In the next section, the different ways of parallelising algorithms and implement them as programming techniques, are provided.

1.2.2 Parallel Algorithms & Programs

In the study materials provide by J. Gurd[5], it was noted that although different pro­grams/applications in the world of High Performance Computing (HPC) have different structures but they still have some common characterisitics such as:

- Use of discrete approximation for calculation prupose
- A foundation of mathematical model underneath the application for the caclcu- lation
- An algorithm to ’animate’ the underpinning mathematical model so that it can be used for digital computation

Parallel Algorithms: With a closer analysis on the parallel applications it can be noticed that there are some evident patterns in which the program is parallelised, which can be classified as the following:

- Data parallelism: In this type, there is an existence of some large data domain, where similar kind of computation is to be done on the data of that domain. Sometimes the data can be computed paralelly very easily and hence those are called embarassingly parallel.
- Reduction parallelism: In this type, there is an existence of some large data domain, where it is necessary to compute some kind of global function which is common to the entire domain. This type of parallelism is not always obvious like data parallelism, but it would depend on the problem, which is being computed.
- Divideandconquer parallelism: This type of parallelism is more of an algo­rithmic approach than it is a pattern. Many sequential tasks can be visualized as an aggregate of many smaller parallelisable tasks. In order to solve the problem as a whole, the whole task is divided into small tasks and then computed paral- lely. But to approach a problem like this, it is the programmers responsibility to algorithmicly approach the parallilising technique.
- Task parallelism: Here, the task consists of multiple distinct computations, each of which can be computed simultaneously. In this way, different procedures can be applied to parts of data domain to create parallel tasks and hence each computation may take different execution time.

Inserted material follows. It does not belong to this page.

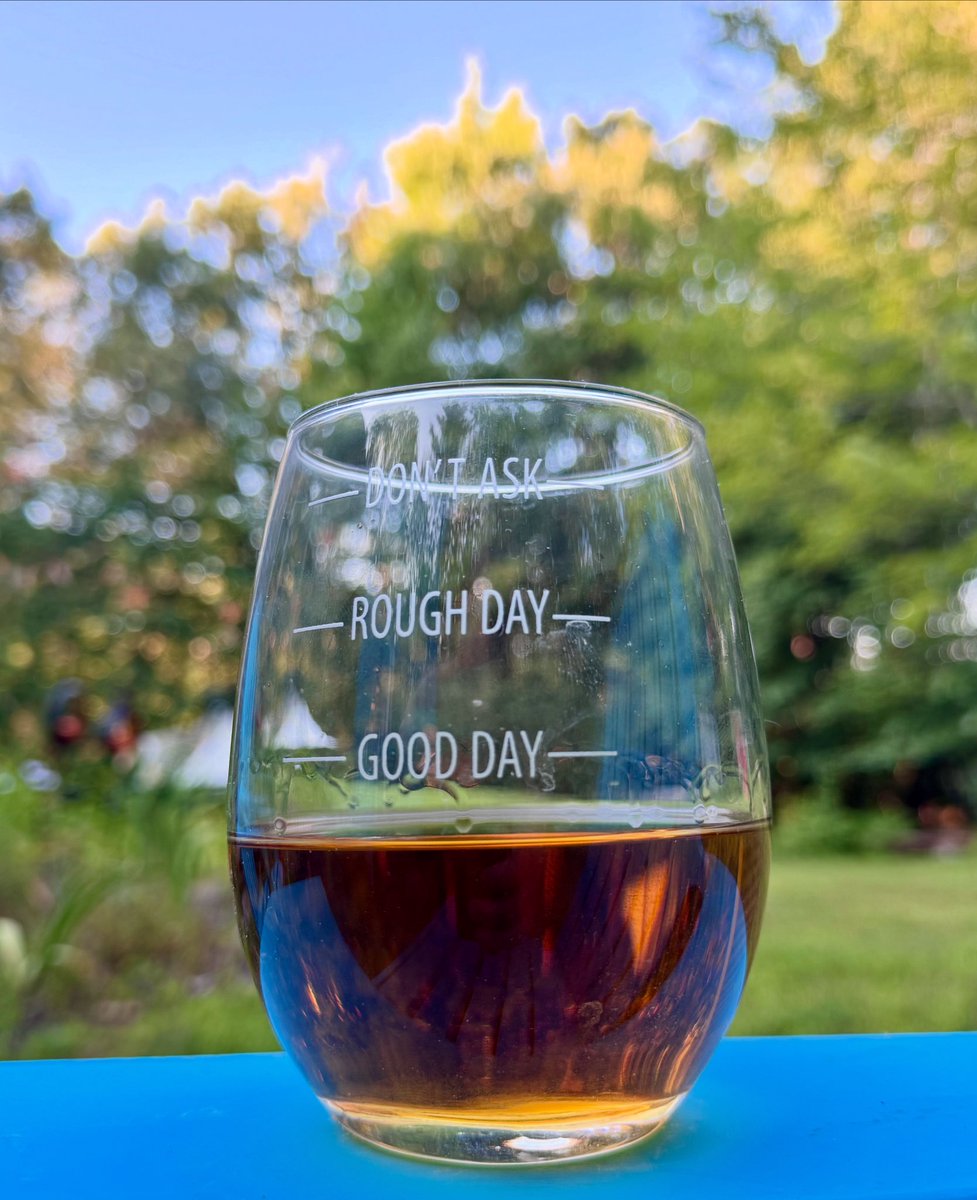 Therealkfm's tweet image. Pub day calls for a "good day" pour of Oban, although my wife just tried a glass and dumped it into mine because she didn't like it so I'm technically rough day sipping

The aforementioned parallelising algorithmic technqiues can be implemented as a computer program in the three most popular ways:

- Data Sharing (Thread-Based): When a process consists of smaller light-weight tasks, commonly known as Threads (as mentioned earlier in previous sub-section1.2.1), and these threads are executed on the same memory by using seperate blocks / priorities for each thread, then this parallel programming style can be called Thread-Based Data Sharing. One of the most popular application programming interface (API) in academia and industry, which supports shared memory paral­lel programming is OpenMP[10]. OpenMP API deals to manage the threads implicitly. There are few other libraries and APIs that support this methodol­ogy but are not as popular as OpenMP. OpenMP is multi-platform and supports programming languages such as C, C++ and Fortran.

- Message Passing (Process Based): When a large problem consists of several processes, it is possible to execute more than one process at the same time. This is achieved by co-operating the execution of different processes and by executing these processes on seperate processors with seperate memory. The processors co-ordinate the execution by passing messages and hence the name is derived from there. One of the most popular message passing programming techniques devised is Message Passing Interface (MPI)[11]. MPI library supports major programming languages such as C, C++, Fortran and Java.
- Hybrid Programming Technique: In hybrid programming scheme, both the techniques mentioned above can be implemented together in order to achieve even better performance. Although the performance will completely depend on the problem itself and the way the problem is parallelised to gain better perfor­mance. One example of this technique can be to use MPI to compute seperate processes parallely, whereas using OpenMP at the same time inside MPI to par­allelise each process into multiple threads and compute them simultaneously.

It should be kept in mind that there are many other variants and features related to the aforementioned programming techniques but those are not within the scope of this thesis and hence not pursued anymore to be worth mentioning here.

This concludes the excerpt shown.